The international community should not intervene in the struggle against ISIS extremists in Iraq, according to the archbishop of Baghdad, who says the priority is for Iraqi leaders to “work together” to overcome the crisis.
In an interview today with Catholic charity Aid to the Church in Need, Archbishop Jean Sleiman stressed that political “consensus” within Iraq was critical in overcoming the Islamic State of Iraq and the Levant (ISIS), which last week pulled off a series of military take-overs of key northern cities including Mosul, the country’s second city.
Speaking from Baghdad, the archbishop described how many people were trying to leave the city, fearing an onslaught from ISIS amid reports of it pressing south towards the capital.
He reported that, with many roads out of the capital blocked, departures from Baghdad’s airport were fully booked until the end of the month.
The archbishop, who became Latin-rite Catholic Archbishop of Baghdad in 2001, said: “In responding to this crisis, the international community should think of the common good, not their own interests. They should think of peace.”
Speaking out against intervention by the international community, Archbishop Sleiman said: “ISIS needs to be stopped… and it needs the Iraqi leaders to work together to stop it. That is more important than getting the international community involved.”
He added: “I hope Iraqi leaders will find a consensus about how to tackle this situation or there will be a tragic outcome.”
The archbishop said: “I don’t know what will happen next. Of course the military will resist ISIS but who knows if it will be strong enough.
“It is a possibility that the terrorists will succeed but we don’t know.”
Stating that there was “a great deal of confusion” in the capital, he said numbers were down at yesterday’s (15th June) Sunday Mass which he celebrated at Baghdad’s St Joseph’s Cathedral, down the road from where he lives.

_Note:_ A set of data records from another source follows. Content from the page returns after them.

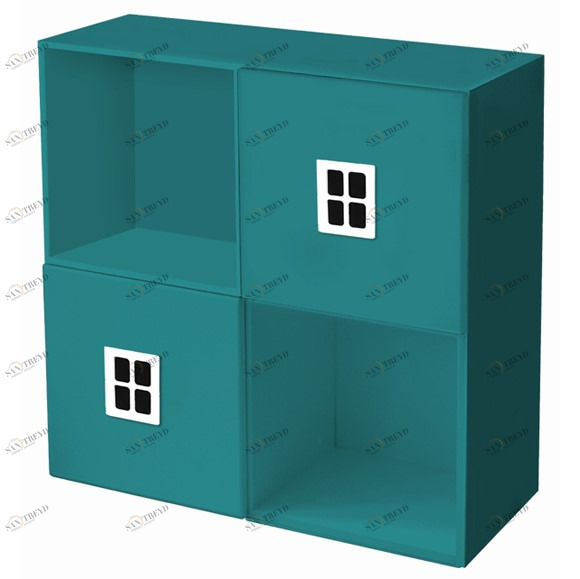 Полка детская квадратная "Амстердам-2" МАНДАРИН АМСТЕРДАМ 179508 Зеленый Santreyd 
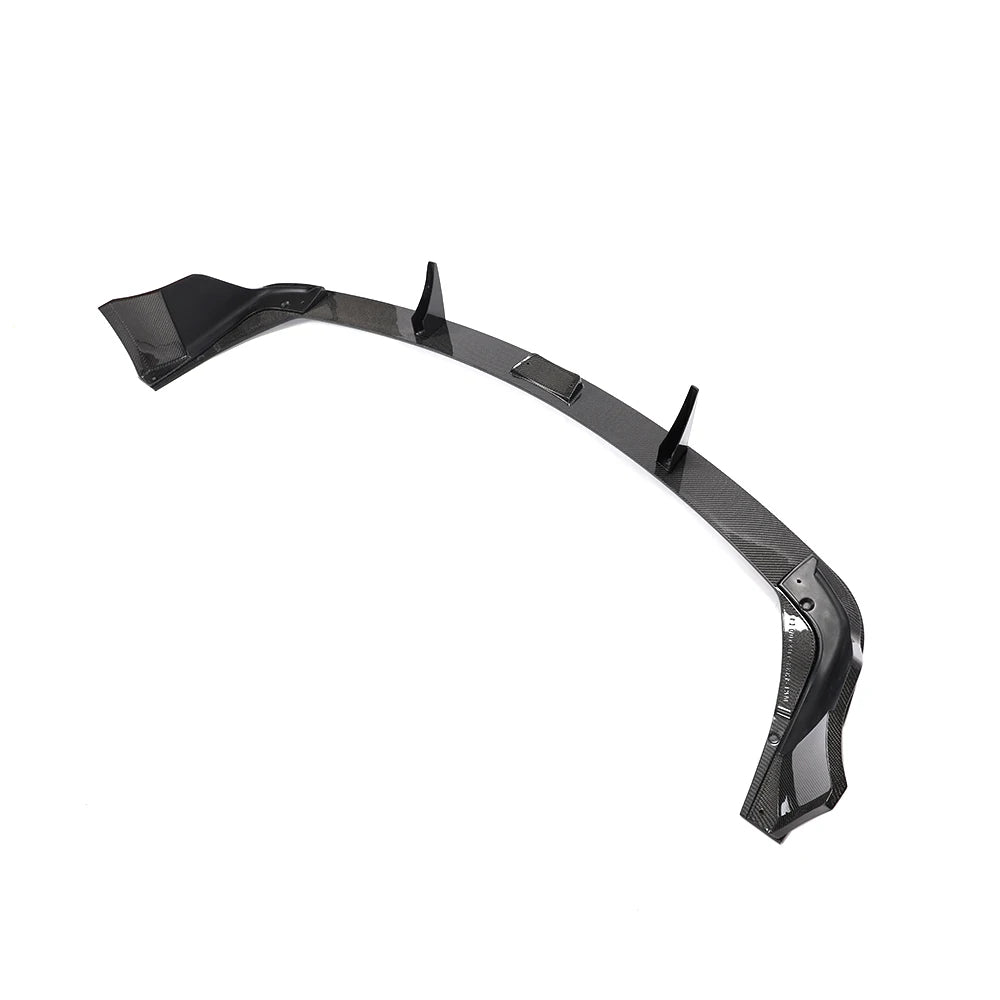 Gloss carbon fiber rear diffuser extension for Toyota Supra A90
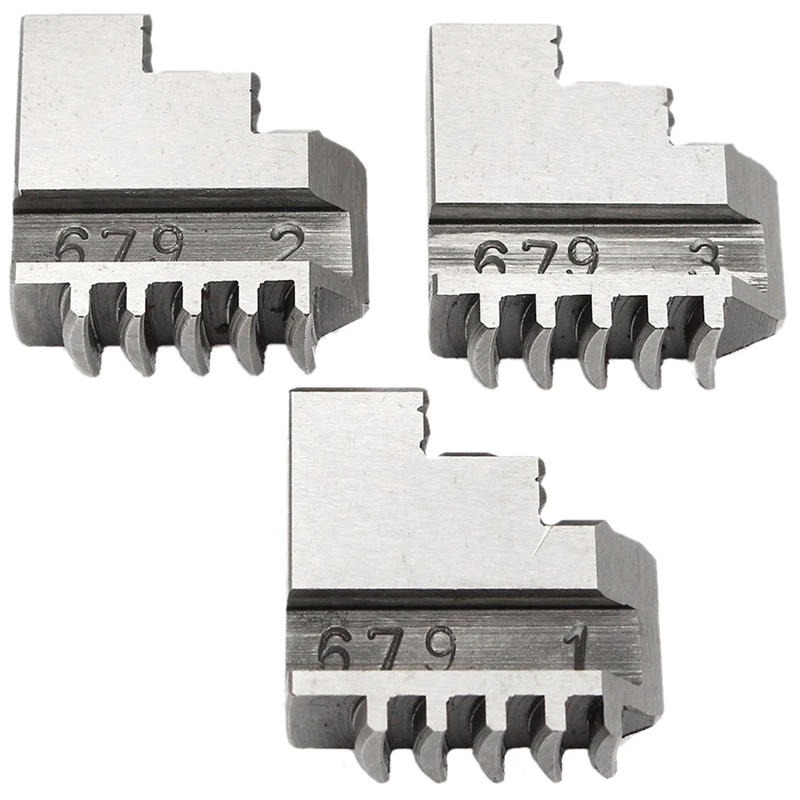 

BMBY-3 Pcs Outside Jaws For K11-80 K11 80 80mm 3 Inch 3 Jaw Chinese Lathe Chuck Cartridge Lathe Accessories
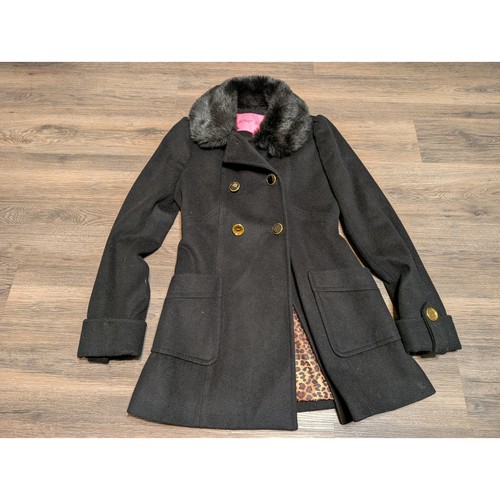 Cappotto betsey johnson nero - cappotto,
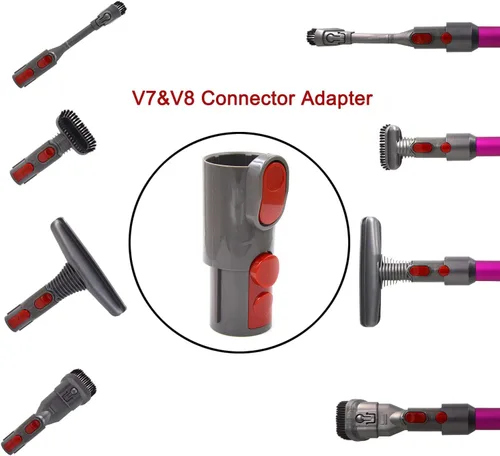 Vista 2 de Ninthseason Kit de herramientas de accesorios para Dyson V11 V10 V8 Absolute/V8 Animal/V7 V6, DC59, DC44, DC35 Absolute sin cable Partes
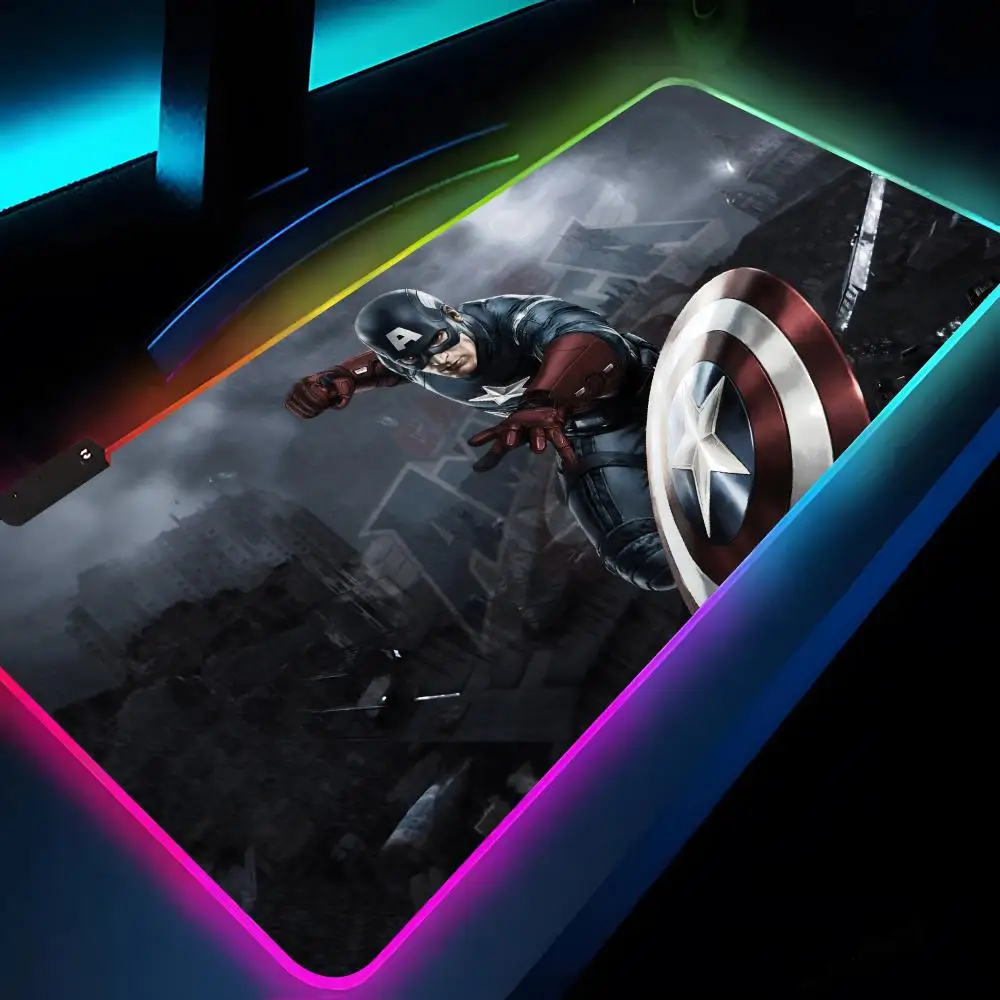 Коврик для мыши C-капитанов A-American коврик с подсветкой игровой Настольный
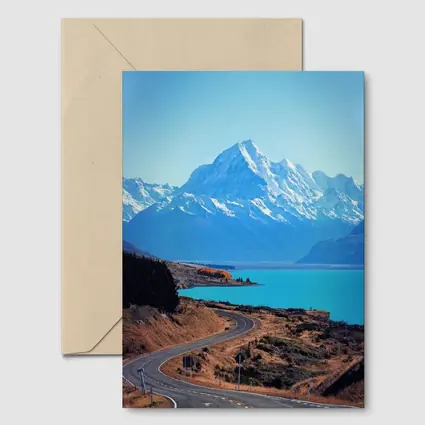 Winding Road Mount Cook New Zealand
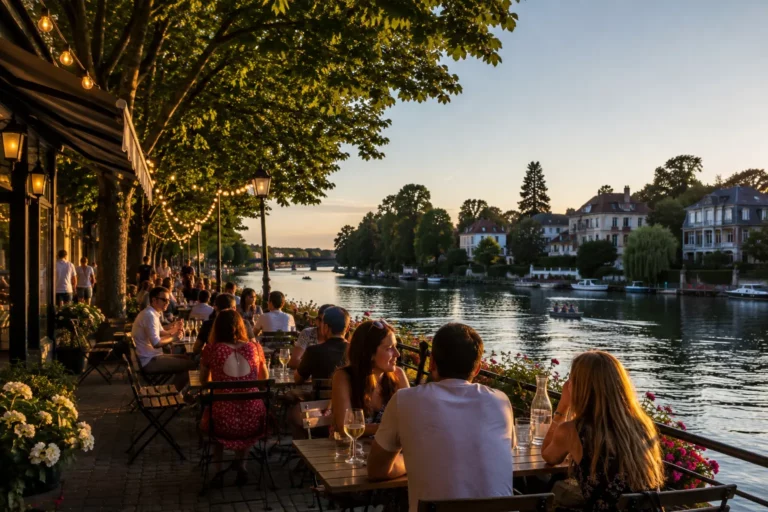 Guinguettes et terrasses bord de Marne à Saint-Maur-des-Fossés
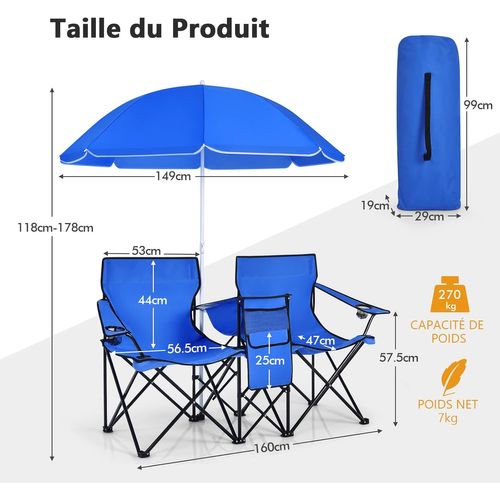 Chaise De Camping Pliante - Chaise Pliable Légère - Chaise De Pêche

The archbishop, whose Latin-rite Catholic community is much smaller than the Chaldeans – Iraq’s largest Catholic community – added: “People I met after Mass were stressed by the situation.”
He said that, with all roads north of Baghdad closed, and others to the south full of checkpoints and other obstacles, people’s only option was to leave on one of the seven flights that depart from the capital every day.
“What all this means is that you can only leave Baghdad if you have got money to pay for a flight. In any case, flights are booked until the end of the month.”
Asked if he was considering leaving the city, the archbishop replied: “I don’t know if I should stay or go. I leave this problem to my angels.”
He said people in Baghdad were “surprised” by the ISIS take-over of Mosul a week ago.
He added that in the capital there was scepticism about the reliability of reports about the Jihadists’ advance.
Archbishop Sleiman, a Carmelite originally from Lebanon, appealed for prayer for Iraq, saying: “We should all pray for peace and solidarity and for a solution to the crisis.”